Projects
Improving Global Search
Streamlining Information Architecture to Reduce Administrative Friction
Executive Summary
As part of Affinity’s company-wide Nail the Basics initiative, I led design for Global Search, a foundational workflow used by dealmakers to return to active companies, people, and notes during time-sensitive work.
Search results were frequently irrelevant, hard to disambiguate, and required multiple attempts to complete. Over three months, I partnered closely with product and engineering to drive discovery, run experiments under backend constraints, and ship scalable UX improvements.
While we did not achieve our primary conversion goal, we meaningfully reduced re-initiated searches (-14%), improved result quality, and uncovered systemic limitations of keyword-based search. This work directly informed the team’s strategic pivot toward semantic search.
"The internal search function has no optimization based on which people and organizations are most relevant to my business…"
Nail the Basics (NTB) was a company-wide effort to address core CRM functionality customers expect from a modern platform. Search emerged as one of the most critical—and fragile—experiences.

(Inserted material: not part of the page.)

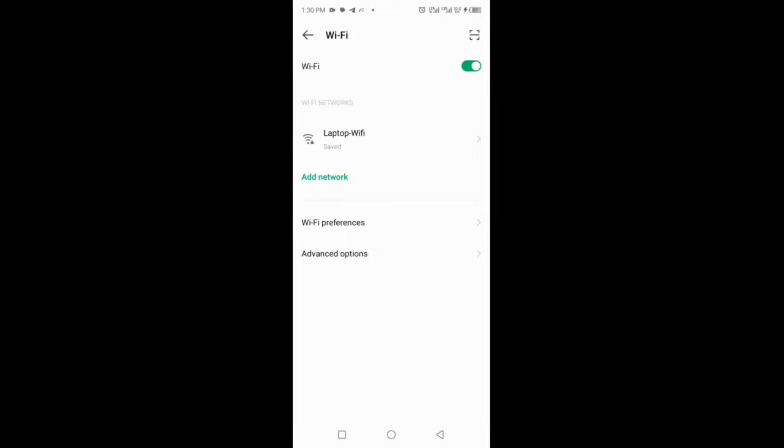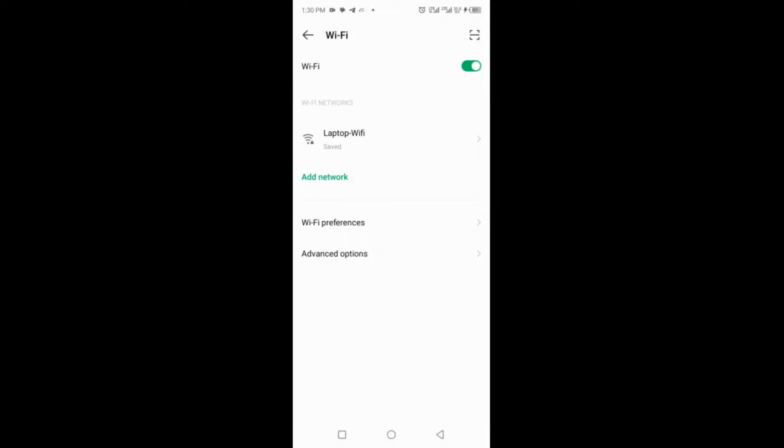However, it's a cost-free way to boost your Wi-Fi signal in different areas of your home while you consider a more permanent solution for expanding your Wi-Fi coverage. And that's it.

For Affinity’s customers (investors, dealmakers, and relationship-driven teams), search is not a discovery tool, it’s a return mechanism. Users often know exactly what they are looking for and need to retrieve it instantly, sometimes mid-meeting or conversation.
When search fails:
Deal momentum slows
Context is lost
Trust in the system erodes
Global Search produced inconsistent, hard-to-predict results that did not align with users’ mental models.
Key symptoms included:
Org-relevant companies ranking below unrelated global results
Difficulty disambiguating duplicates or similarly named entities
Limited result visibility (top 10 cap)
Unclear support for notes and other entity types
Root issue:
Search was optimized for broad keyword matching across Affinity’s global database, rather than relevance within a user’s specific network and workflow.
UI improvements can reduce friction but cannot fully compensate for poor ranking logic
Relevance is contextual and workflow-dependent
Preview-based context is more effective than forcing binary filters
Early experiments prevented deeper investment in ineffective approaches
Using Affinity's Build Operating Model (similar to dual-track discovery), I led problem framing through:
Historical customer feedback (Productboard)
In-product feedback loops
Ongoing customer interviews
Quantitative analysis in Amplitude
We mapped problems using a problem matrix (importance x satisfaction, tracing symptoms back to unmet user needs.
This work clarified that relevance and ranking, not UI polish, were the core issues to address.
At the outset, backend resources were limited. Rather than waiting, we used frontend-led experiments to:
Validate assumptions about relevance
Understand user mental models
Identify where UI could (and could not) compensate for ranking logic
Each initiative was designed to de-risk future investment, not just ship features.
Key Initiatives
In-Network Filtering
We hypothesized that restricting search results to entities within a user's network would surface more relevant results and reduce failed searches.
Outcome:
Search conversion decreased slightly for the experiment cohort.
Why:
Users had mixed mental models of "in-network"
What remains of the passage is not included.